*Required work:* Any pictures in the records below must be left out when you repeat the lines from the line containing "LV Men shoes 1;1 quality-2052" through the line containing "Mozaik Antoni Gaudi" exactly.

*Recorded data:*
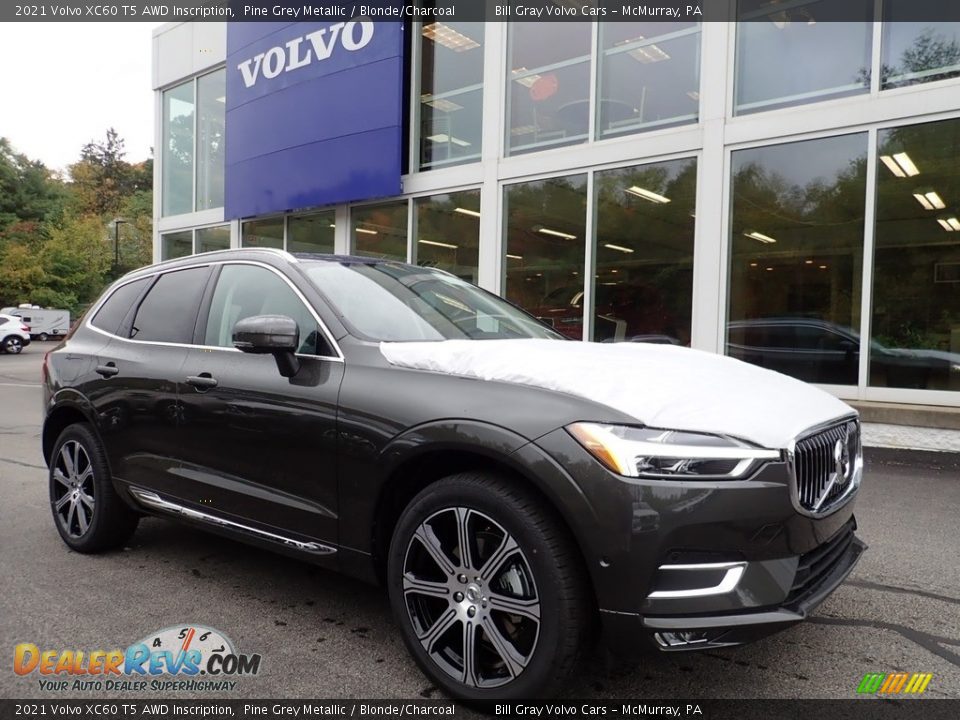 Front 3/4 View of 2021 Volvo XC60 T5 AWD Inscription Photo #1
* * *
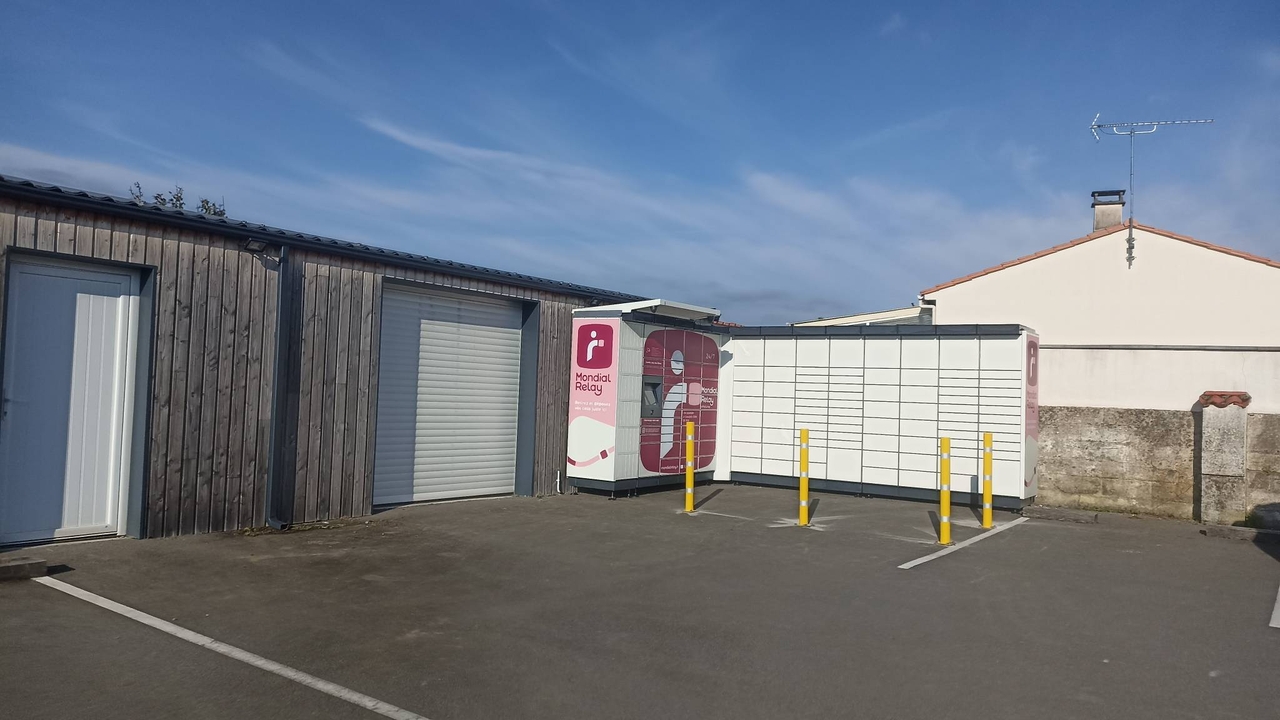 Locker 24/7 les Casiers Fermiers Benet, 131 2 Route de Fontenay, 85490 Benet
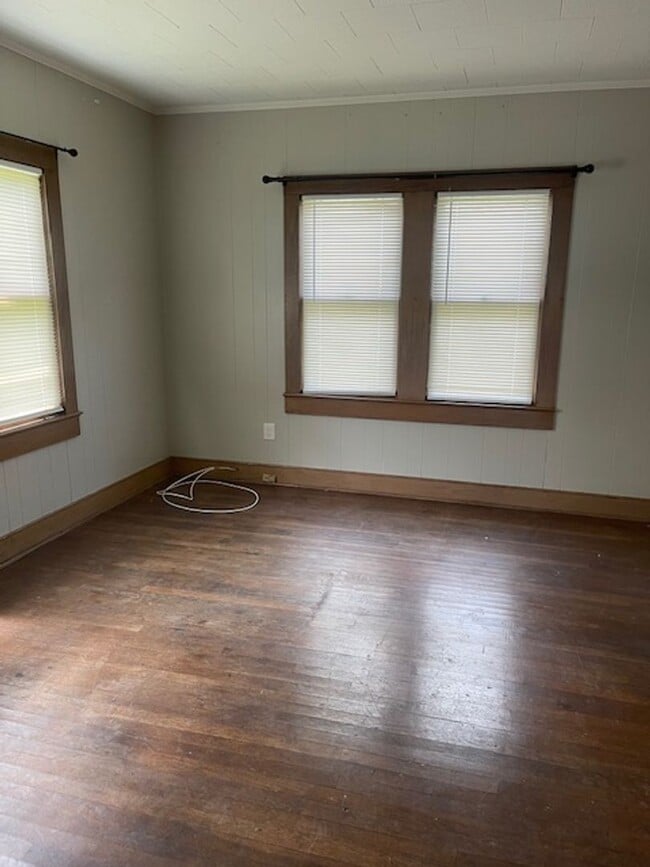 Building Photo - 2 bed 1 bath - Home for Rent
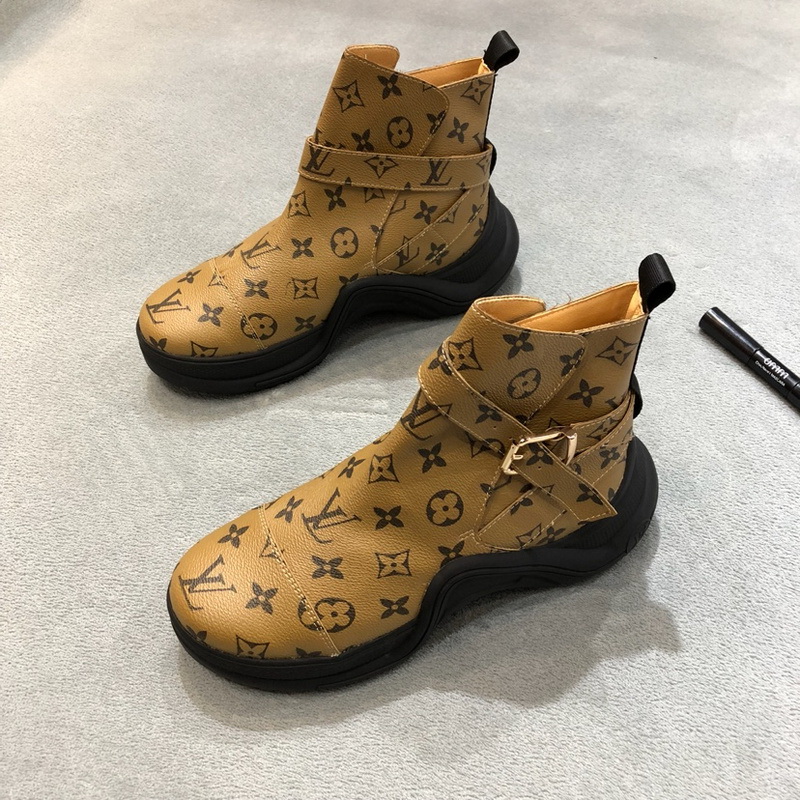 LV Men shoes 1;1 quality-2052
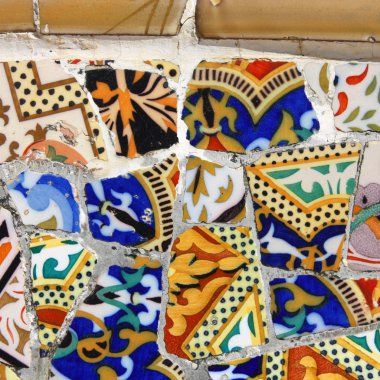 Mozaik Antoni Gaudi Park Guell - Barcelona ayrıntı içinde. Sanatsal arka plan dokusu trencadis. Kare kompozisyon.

*Response:*
 LV Men shoes 1;1 quality-2052
 Mozaik Antoni Gaudi Park Guell - Barcelona ayrıntı içinde. Sanatsal arka plan dokusu trencadis. Kare kompozisyon.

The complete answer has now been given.